Department of Chemistry and Biochemistry, University of Delaware, Newark, Delaware 19716, USA.
J Chem Phys. 2012 Oct 7;137(13):134201. doi: 10.1063/1.4754149.
(13)C and (15)N chemical shift (CS) interaction is a sensitive probe of structure and dynamics in a wide variety of biological and inorganic systems, and in the recent years several magic angle spinning NMR approaches have emerged for residue-specific measurements of chemical shift anisotropy (CSA) tensors in uniformly and sparsely enriched proteins. All of the currently existing methods are applicable to slow and moderate magic angle spinning (MAS) regime, i.e., MAS frequencies below 20 kHz. With the advent of fast and ultrafast MAS probes capable of spinning frequencies of 40-100 kHz, and with the superior resolution and sensitivity attained at such high frequencies, development of CSA recoupling techniques working under such conditions is necessary.
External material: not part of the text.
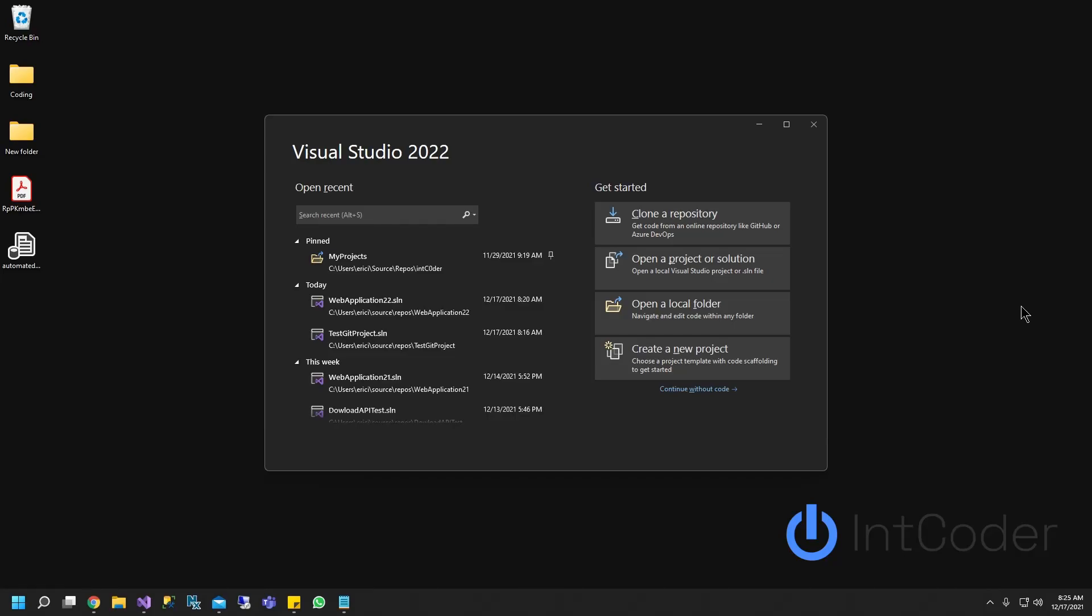Hello everyone. On this video, you will learn how to set up GitHub and use GitHub source control on Visual Studio 2022.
In this work, we present a family of R-symmetry based pulse sequences for recoupling of (13)C∕(15)N CSA interactions that work well in both natural abundance and isotopically enriched systems. We demonstrate that efficient recoupling of either first-rank (σ(1)) or second-rank (σ(2)) spatial components of CSA interaction is attained with appropriately chosen γ-encoded RN(n)(v) symmetry sequences. The advantage of these γ-encoded RN(n)(v)-symmetry based CSA (RNCSA) recoupling schemes is that they are suitable for CSA recoupling under a wide range of MAS frequencies, including fast MAS regime. Comprehensive analysis of the recoupling properties of these RN(n)(v) symmetry sequences reveals that the σ(1)-CSA recoupling symmetry sequences exhibit large scaling factors; however, the partial homonuclear dipolar Hamiltonian components are symmetry allowed, which makes this family of sequences suitable for CSA measurements in systems with weak homonuclear dipolar interactions. On the other hand, the γ-encoded symmetry sequences for σ(2)-CSA recoupling have smaller scaling factors but they efficiently suppress the homonuclear dipole-dipole interactions. Therefore, the latter family of sequences is applicable for measurements of CSA parameters in systems with strong homonuclear dipolar couplings, such as uniformly-(13)C labeled biological solids. We demonstrate RNCSA NMR experiments and numerical simulations establishing the utility of this approach to the measurements of (13)C and (15)N CSA parameters in model compounds, [(15)N]-N-acetyl-valine (NAV), [U-(13)C, (15)N]-alanine, [U-(13)C,(15)N]-histidine, and present the application of this approach to [U-(13)C∕(15)N]-Tyr labeled C-terminal domain of HIV-1 CA protein.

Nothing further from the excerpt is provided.